2024-11-08T16:12:45.082+0530 warn internal@v0.113.0/warning.go:40 Using the 0.0.0.0 address exposes this server to every network interface, which may facilitate Denial of Service attacks. {"kind": "receiver", "name": "otlp", "data_type": "metrics", "documentation": "https://github.com/open-telemetry/opentelemetry-collector/blob/main/docs/security-best-practices.md#safeguards-against-denial-of-service-attacks"}
2024-11-08T16:12:45.083+0530 info otlpreceiver@v0.113.0/otlp.go:112 Starting GRPC server {"kind": "receiver", "name": "otlp", "data_type": "metrics", "endpoint": "0.0.0.0:4317"}
2024-11-08T16:12:45.083+0530 info service@v0.113.0/service.go:261 Everything is ready. Begin running and processing data.

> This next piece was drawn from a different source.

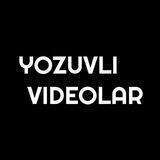 QORA VIDEOLAR | YOZUVLI VIDEOLAR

2024-11-08T16:13:45.083+0530 info simetrics/metrics-receiver.go:39 I should start processing metrics now! {"kind": "receiver", "name": "simetrics", "data_type": "metrics"}
Data received: [map[disk_total_data_rate:293.65 disk_total_response_time:0.2 naturalKey:1:38:00000202E521FEDE timeStamp:1.731031969e+12]]
2024-11-08T16:13:49.109+0530 info Metrics {"kind": "exporter", "data_type": "metrics", "name": "debug", "resource metrics": 1, "metrics": 2, "data points": 2}
2024-11-08T16:13:49.109+0530 info ResourceMetrics #0
Resource SchemaURL:
ScopeMetrics #0
ScopeMetrics SchemaURL:
InstrumentationScope
Metric #0
Descriptor:
-> Name: si_disk_total_data_rate
-> Description:
-> Unit:
-> DataType: Gauge
NumberDataPoints #0
StartTimestamp: 1970-01-01 00:00:00 +0000 UTC
Timestamp: 2024-11-08 10:43:49.024062 +0000 UTC
Value: 293.650000
Metric #1
Descriptor:
-> Name: si_disk_total_response_time
-> Description:
-> Unit:
-> DataType: Gauge
NumberDataPoints #0
StartTimestamp: 1970-01-01 00:00:00 +0000 UTC
Timestamp: 2024-11-08 10:43:49.024063 +0000 UTC
Value: 0.200000
{"kind": "exporter", "data_type": "metrics", "name": "debug"}
The Debug exporter is responsible for logging the received SI metrics to the console. The Prometheus exporter will make the SI metrics available on Prometheus.
Configure the scrape target prometheus.yaml to be the address of OTel Collector.
scrape_configs:
# The job name is added as a label `job=<job_name>` to any timeseries scraped from this config.
- job_name: "prometheus"
# metrics_path defaults to '/metrics'
# scheme defaults to 'http'.
static_configs:
- targets: ["localhost:8888"]
Navigate to Prometheus console on the browser. You can see the SI metrics being exported by OTel pipeline to Prometheus backend.
We have now successfully implemented a OTel metrics receiver that pulls metrics from IBM Storage Insights via its REST API and exports it to Prometheus backend after processing them through the OTel pipeline.